16 Kasım 2018 günü, sabah saat 6 sularında, akademisyen ve tanınmış sivil toplum aktörleri dahil olmak üzere 13 insan hakları savunucusu İstanbul Adana, Antalya ve Muğla’da eş zamanlı polis operasyonlarıyla gözaltına alındı. Polis teşkilatına göre, 13 insan hakları savunucusu, “Osman Kavala liderliğinde hiyerarşik bir yapıdaki faaliyetlerinden dolayı” gözaltına alındı. Kavala, bir yıldan uzun bir süredir tutuklu bulunan tanınmış bir filantropist. Sivil toplum aktörleri dahil olmak üzere gözaltına alınan insan hakları savunucuları, Osman Kavala başkanlığındaki bir sivil toplum örgütü olan Anadolu Kültür ile ilişkili. Tutuklama emri ilk olarak 20 kişiye karşı düzenlenirken, şimdiye kadar 13 kişi gözaltına alındı.
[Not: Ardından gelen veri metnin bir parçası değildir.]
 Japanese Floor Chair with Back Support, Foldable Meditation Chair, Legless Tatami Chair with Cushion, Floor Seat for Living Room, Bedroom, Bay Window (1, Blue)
Gözaltına alınan insan hakları savunucuları: Boğaziçi Üniversitesi Matematik Bölümü Öğretim Üyesi, Barış için Akademisyenler Üyesi ve Avrupa Matematik Derneği Yönetim Kurulu Başkan Yardımcısı Prof. Dr. Betül Tanbay; İstanbul Bilgi Üniversitesi Hukuk Fakültesi Dekanı ve İnsan Hakları Hukuku Profesörü Prof. Dr. Turgut Tarhanlı; Anadolu Kültür Yönetim Kurulu Başkan Yardımcısı Yiğit Ali Ekmekçi; Anadolu Kültür Yönetim Kurulu Üyesi Al Hakan Altınay; Anadolu Kültür İstanbul Ofisi Genel Koordinatörü Asena Günal; Anadolu Kültür Eski Direktörü ve Hakikat Hafıza Adalet Merkezi Eş Direktörü Meltem Aslan; Film Yapımcısı ve Anadolu Kültür Danışmanı Çiğdem Mater; Bilgi Üniversitesi STK Eğitim ve Araştırma Birimi eski çalışanı Yiğit Aksakoğlu; Türkiye Ekonomik ve Sosyal Etüdler Vakfı eski çalışanı Hande Özhabeş, Bora Sarı, Ayşe Güzel, Filiz Telek ve Yusuf Cıvır.
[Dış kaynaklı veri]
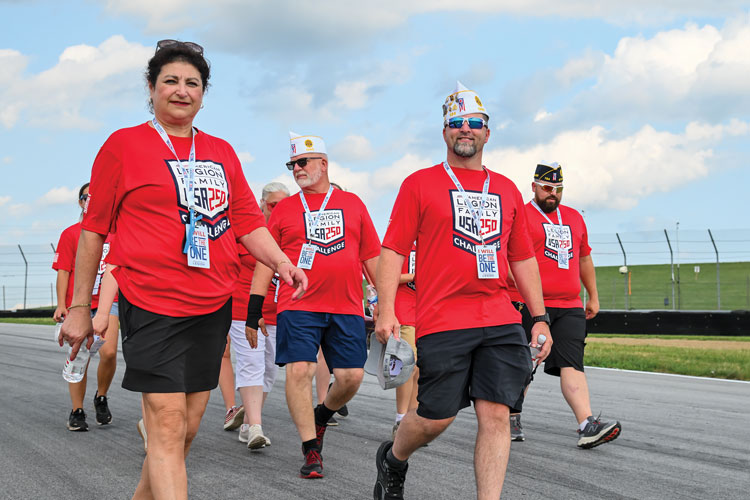 Men and women walking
16 Kasım 2018 günü sabah erken saatlerde, polis İstanbul, Adana, Antalya ve Muğla’da birçok adrese eş zamanlı olarak baskın gerçekleştirdi. Şimdiye kadar akademisyenler ve tanınmış sivil toplum aktörleri dahil olmak üzere 13 insan hakları savunucusu gözaltına alınırken, gözaltı emri 20 kişiye karşı çıkarıldı. İnsan hakları savunucuları, Savcı tarafından sorgulanmak üzere Vatan Emniyet Müdürlüğü'ne götürüldü. Çiğdem Mater ise 16 Kasım’da Kaş İlçe Emniyet Müdürlüğü tarafından gözaltına alınan ve daha sonra İstanbul’a sevk edilecek olan tek kişidir. Sorgulamanın ardından hak savunucuları serbest bırakılabilir ya da hafta sonunun ardından Mahkeme karşısına çıkarılabilirler.
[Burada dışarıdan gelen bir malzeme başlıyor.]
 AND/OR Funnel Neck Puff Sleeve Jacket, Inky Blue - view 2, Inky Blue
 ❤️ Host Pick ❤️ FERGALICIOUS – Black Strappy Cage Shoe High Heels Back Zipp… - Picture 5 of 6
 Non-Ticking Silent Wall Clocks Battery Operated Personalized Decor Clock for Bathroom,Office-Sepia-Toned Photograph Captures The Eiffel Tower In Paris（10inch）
Emniyet Müdürlüğü tarafından paylaşılan basın bilgi notuna göre, insan hakları savunucuları, tanınmış filantropist Osman Kavala ve onunla ilişkili sivil toplum örgütleri Anadolu Kültür ve Açık Toplum Vakfı soruşturmasının bir parçası olarak gözaltına alındı. Kendisi, “2013 yılında Gezi Parkı Protestolarını ulusal düzeyde kaos ve düzensizlik yaymak için destekleyerek hükümeti zorla devirmeye çalışmak” ile suçlanmıştı. Bilgi notunda, insan hakları savunucularının Osman Kavala ile koordineli olarak Gezi Parkı Protestolarını teşvik etmek ve yaygınlaştırmak için toplantılar düzenledikleri, Gezi Parkı Protestolarını devam ettirmek üzere sivil itaatsizlik ve barışçıl protestolar gibi konulara odaklanmak için profesyonel protestocuları, eğitmenleri ve kolaylaştırıcıları yurt dışından getirdikleri, mevcut ve gelecekteki protestolar için kamuoyunu etkilemek amacıyla yeni medya kaynaklarının oluşturulmasının bir parçası oldukları ve Türkiye'ye göz yaşartıcı gaz satışı yasağını getirilmesi için Batılı örgütler ve bireylerle görüştükleri iddia edildi.
Front Line Defenders, 13 insan hakları savunucusunun gözaltına alınması ve devam eden cezai soruşturmaların insan haklarının savunulmasına ilişkin meşru ve barışçıl faaliyetlerine ilişkin olarak gerçekleştirildiğine inanmakta ve endişelerini dile getirmektedir.